Il ne faut pas oublier que les troubles d’apprentissage du langage sont estimés à 6-7% dont 4 à 6% pour la dyslexie-dysorthographie. Selon plusieurs travaux de recherche, la prévalence des troubles d’apprentissage d’une langue sont même directement liées au degré de correspondance entre langue écrite et orale, les pays hispanophones étant les pays ayant la plus basse prévalence de troubles du langage. (source 1)
Ainsi la réforme de la langue française écrite est loin d’être terminée pour calquer au plus près des usages qu’en font les francophones, usages qui par ailleurs change au cours du temps. Une piste de réflexion à aborder est la concordance du genre. En effet, en Français, pour 99% de femmes et 1% d’hommes, on accordera systématiquement au masculin et emploiera le pronom « ils » au lieu de « elles » .
Cette discrimination sexiste existe également dans le cadre de certaines fonctions ou métiers : Président de la République par exemple.
Inversement, on privilégiera l’usage du féminin pour des métiers qu’on considère féminin comme les infirmières.
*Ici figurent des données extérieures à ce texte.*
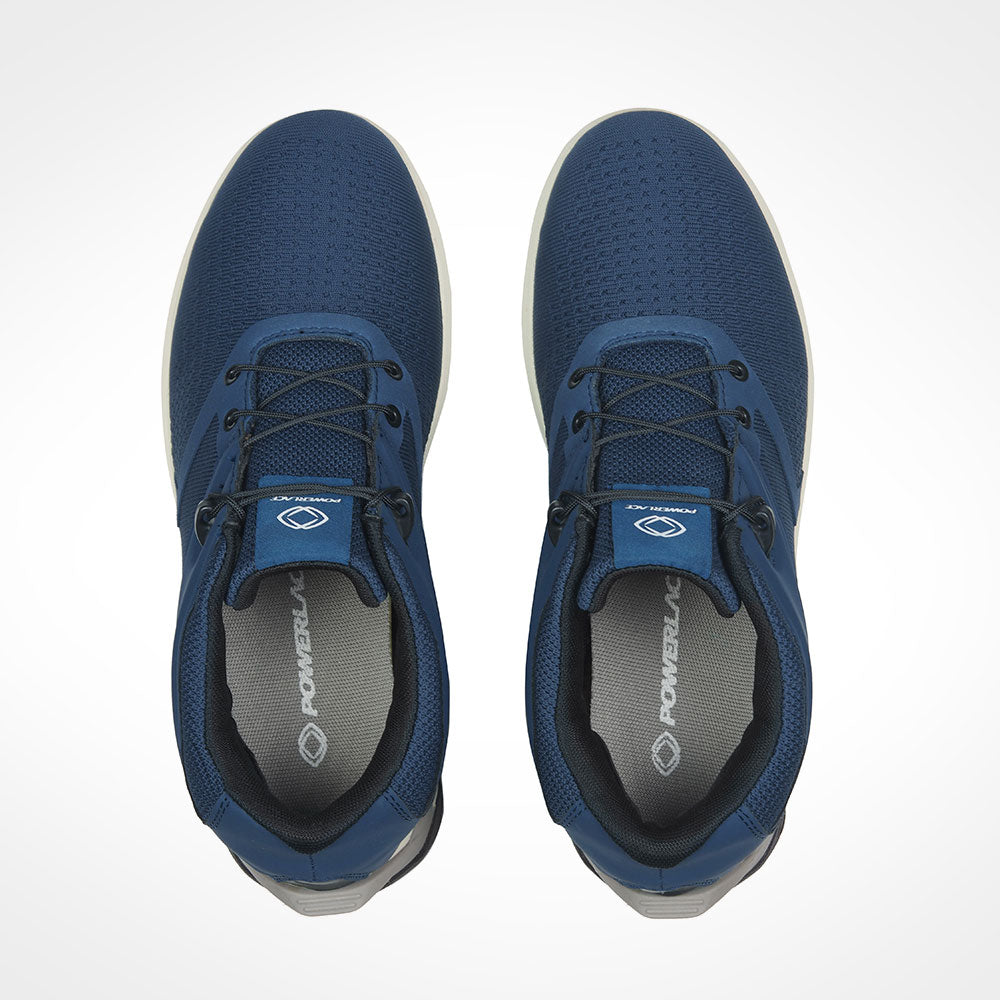 Loisirs Médium: Bleu-Crème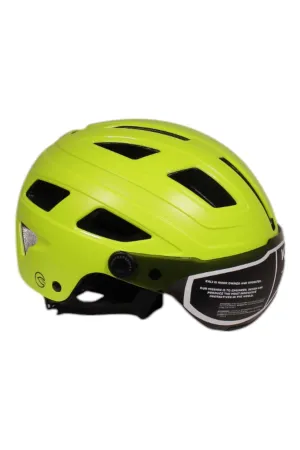 Kali Protectives Cruz Plus Helmet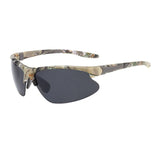 Camo Gray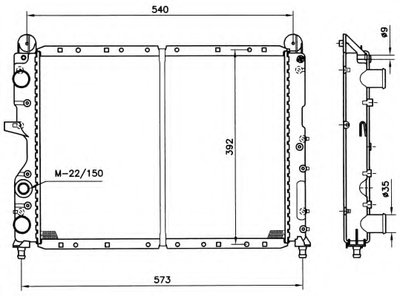 54501 NRF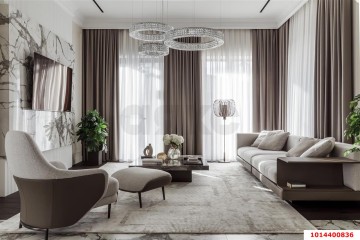 Фото №5: Дом 266 м² - Краснодар, ж/м Пашковский, ул. Д.А. Серёгина, 18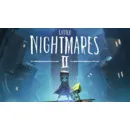 Igra Nintendo Switch Little Nightmares 2 (EU) - Strmec, Sveta Nedelja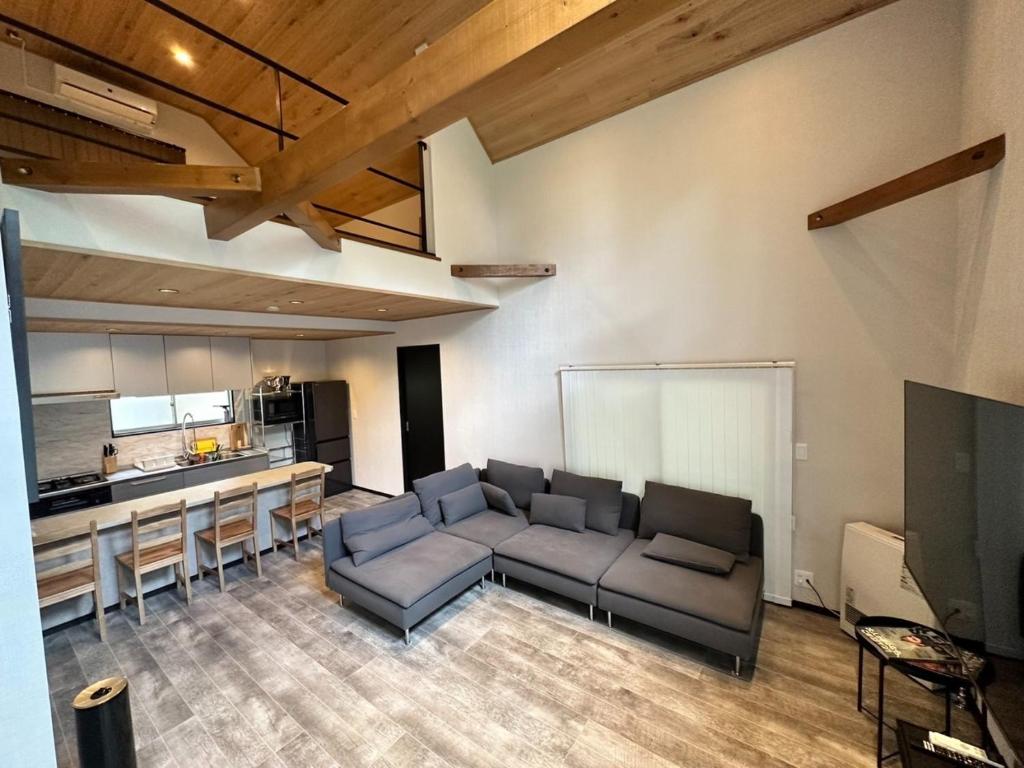 The No, 10 Kawaguchiko Villa&resort - Vacation STAY 48730v, Oishi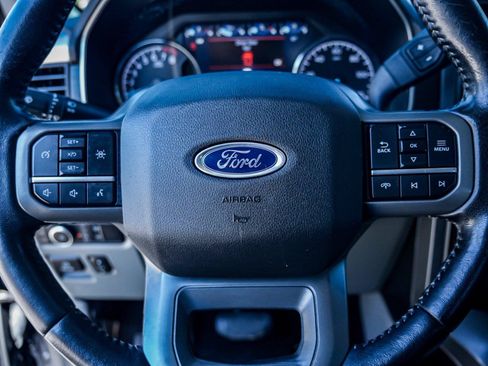 Used 2021 Ford F150 XLT w/ Equipment Group 302A High RWD image 11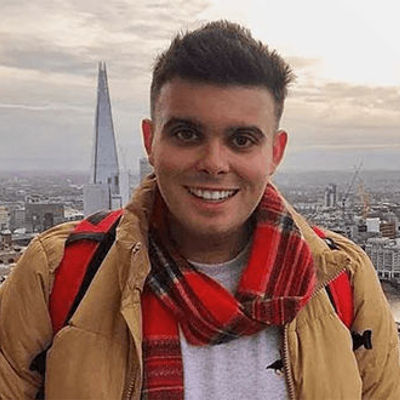 Case Study profile image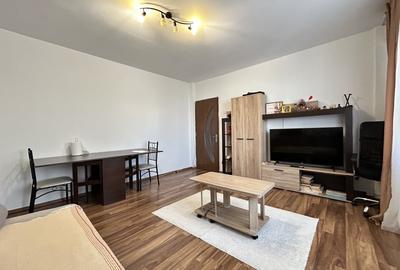 Apartament cu 3 camere decomandat, mobilat în Basarabia - 6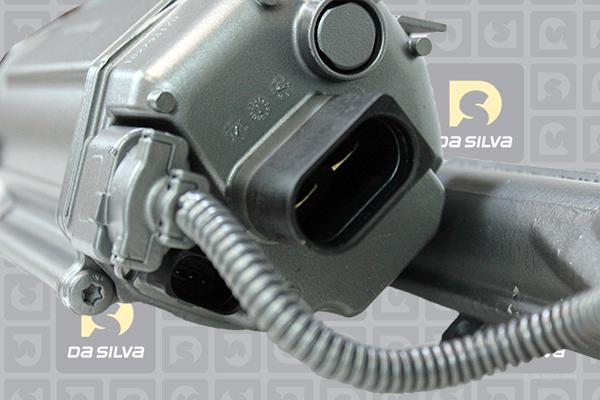 DA SILVA DM3201 - Stūres mehānisms ps1.lv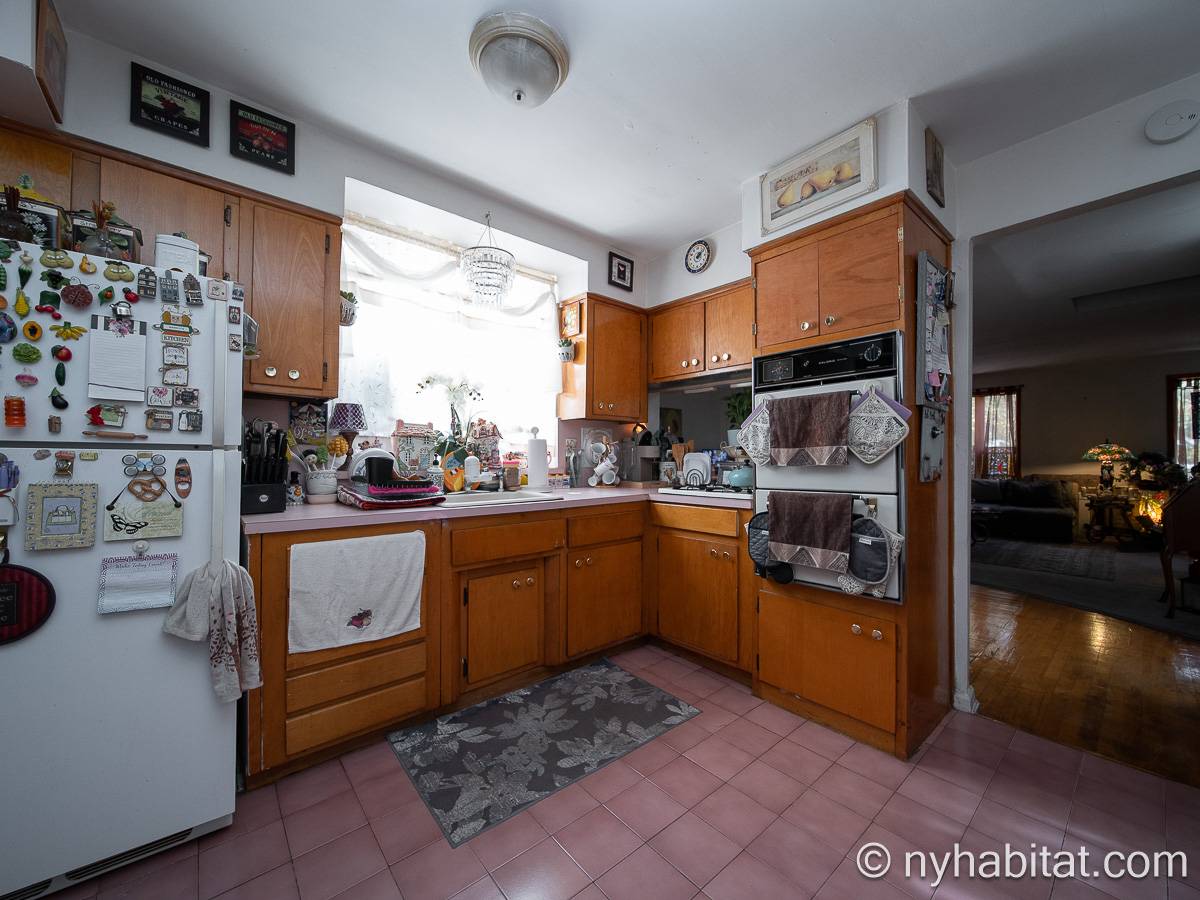 Kitchen - Photo 1 of 6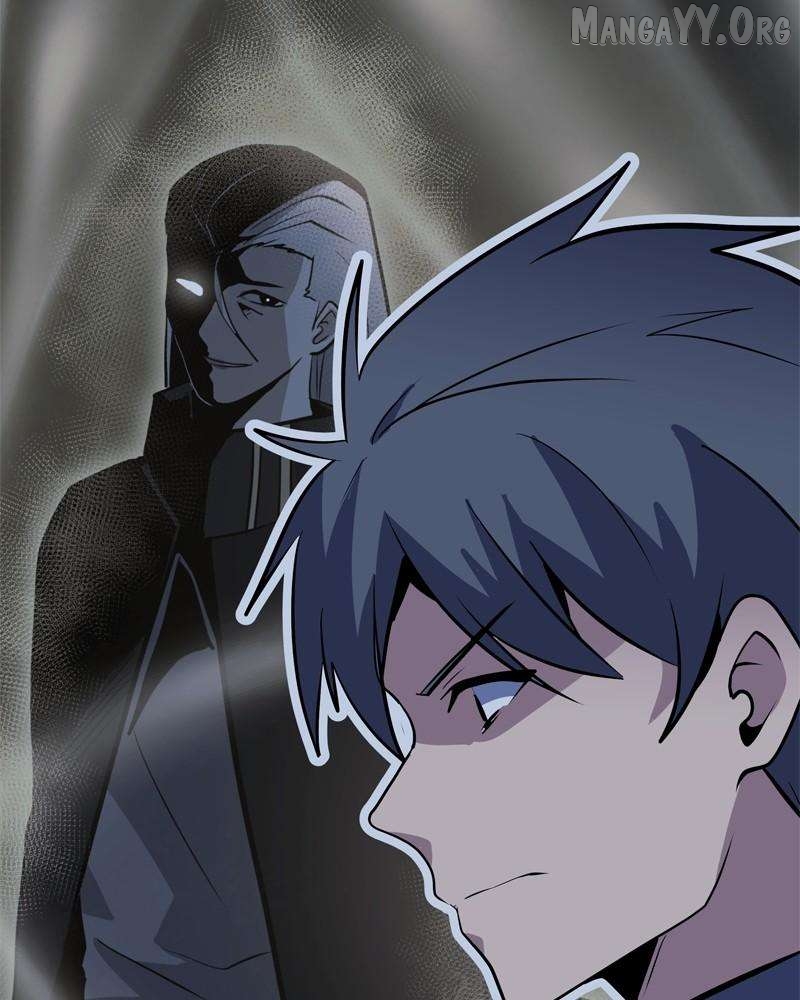 Solo Spell Caster Chapter 159 - page 121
Comme expliquer plus haut, la langue est révélatrice des états de rapport de force sociaux, et dans ce cas, de l’idée de ce qu’on fait de la place des femmes dans la société française.
Un outil qui peut également faire l’objet d’une réforme c’est l’Académie Française elle-même. Si elle est composée d’individus brillants, cela reste des vieux, riches, hommes, blancs, hétérosexuels et français pour leur majorité, élus à vie.
Pourquoi ne pas réformer cette institution en créant une académie de la Francophonie, ouverte à tous les pays et régions francophone (France, Sénégal, Mali, Québec, Belgique etc …) avec des mandats courts, composés de représentants issus d’enseignants dans tous les degrés de l’éducation nationale et universitaire, des lycéens et des étudiants, des artistes de tous les genre musicaux, écrivains ou journalistes pour calquer au plus près des usages ?
Mon sentiment sur cette réforme et sur les réactions qu’elles suscitent, disproportionnées ou non, c’est que la langue appartient à ceux qui la parlent, pas à une minorité élitiste.